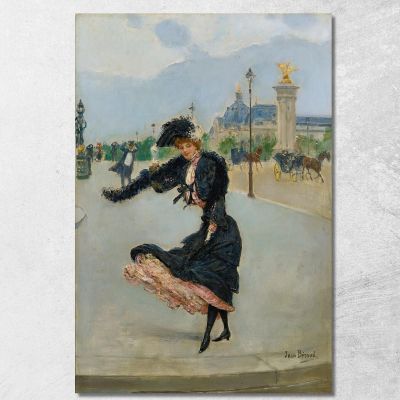 Elegante Di Fronte Al Grand Palais Sul Ponte Alexandre Iii Jean Béraud jbr18 quadro stampa su tela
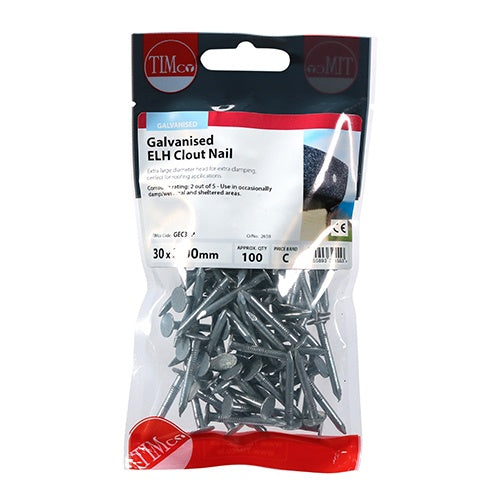 100 x TIMCO Extra Large Head Clout Nails Galvanised - 30 x 3.00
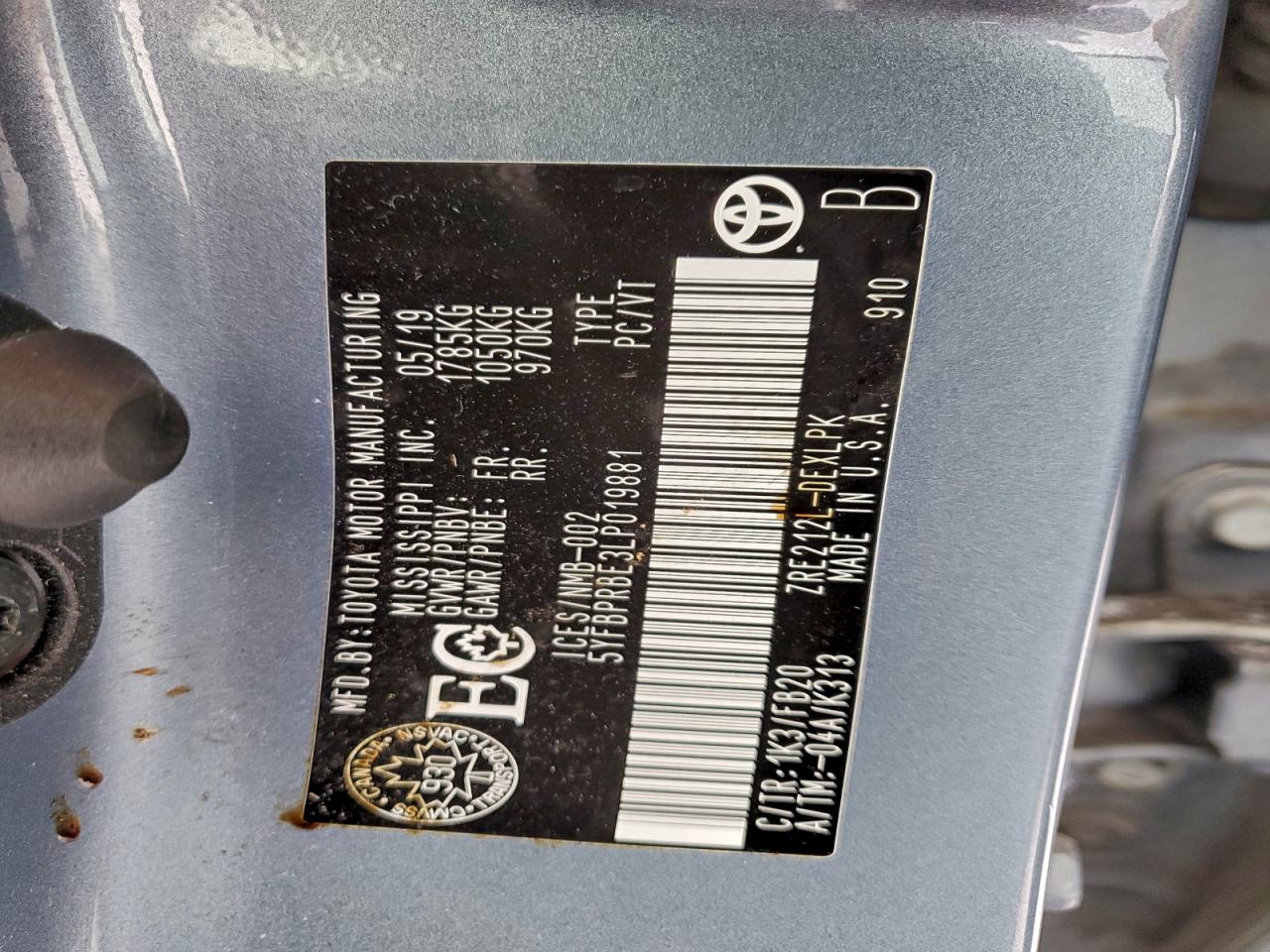 2020 Toyota Corolla Le VIN: 5YFBPRBE3LP019881 Lot: 94656855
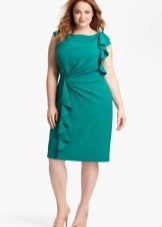 Dress with a drape without sleeves for women with a figure like Apple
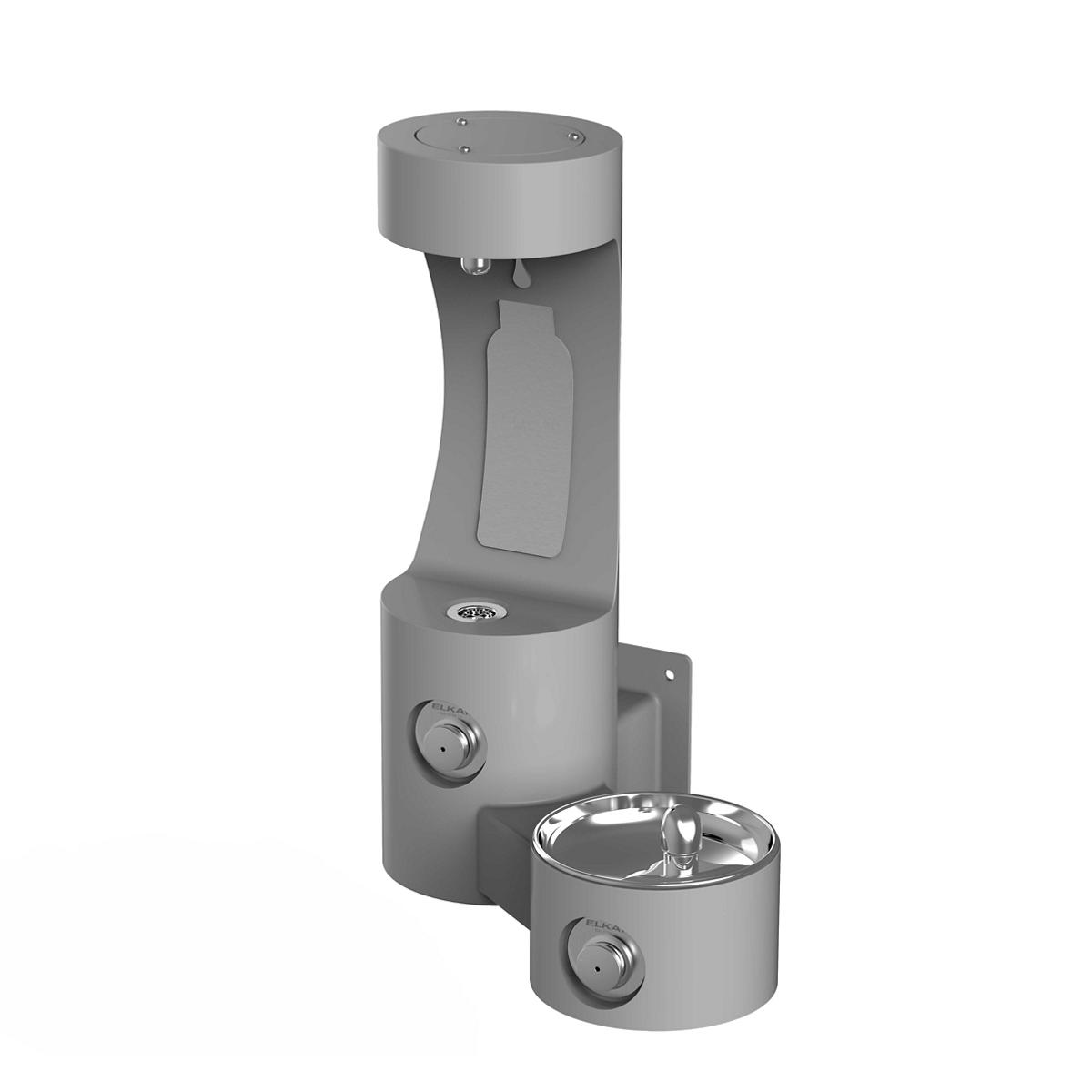 Elkay Outdoor ezH2O Bottle Filling Station Wall Mount, with Single Fountain Non-Filtered Non-Refrigerated, Gray LK4408BFGRY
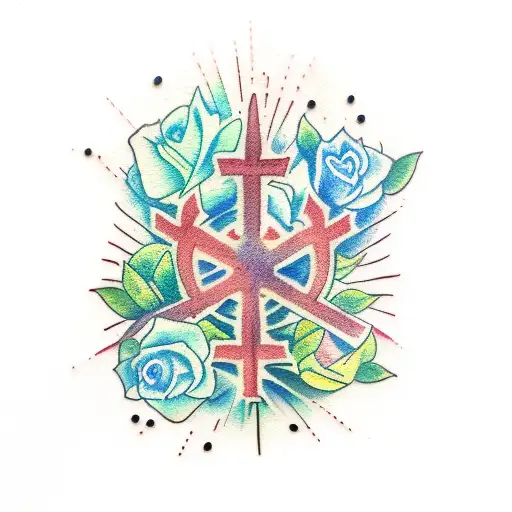 cross with plants watercolor  tattoo design idea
═══
▸ **WHAT YOU SHOULD DO**: Transcribe all of the data above verbatim but omit every picture.

▸ **PROBLEM SOLUTION**:
 Elegante Di Fronte Al Grand Palais Sul Ponte Alexandre Iii Jean Béraud jbr18 quadro stampa su tela
 100 x TIMCO Extra Large Head Clout Nails Galvanised - 30 x 3.00
 2020 Toyota Corolla Le VIN: 5YFBPRBE3LP019881 Lot: 94656855
 Dress with a drape without sleeves for women with a figure like Apple
 Elkay Outdoor ezH2O Bottle Filling Station Wall Mount, with Single Fountain Non-Filtered Non-Refrigerated, Gray LK4408BFGRY
 cross with plants watercolor  tattoo design idea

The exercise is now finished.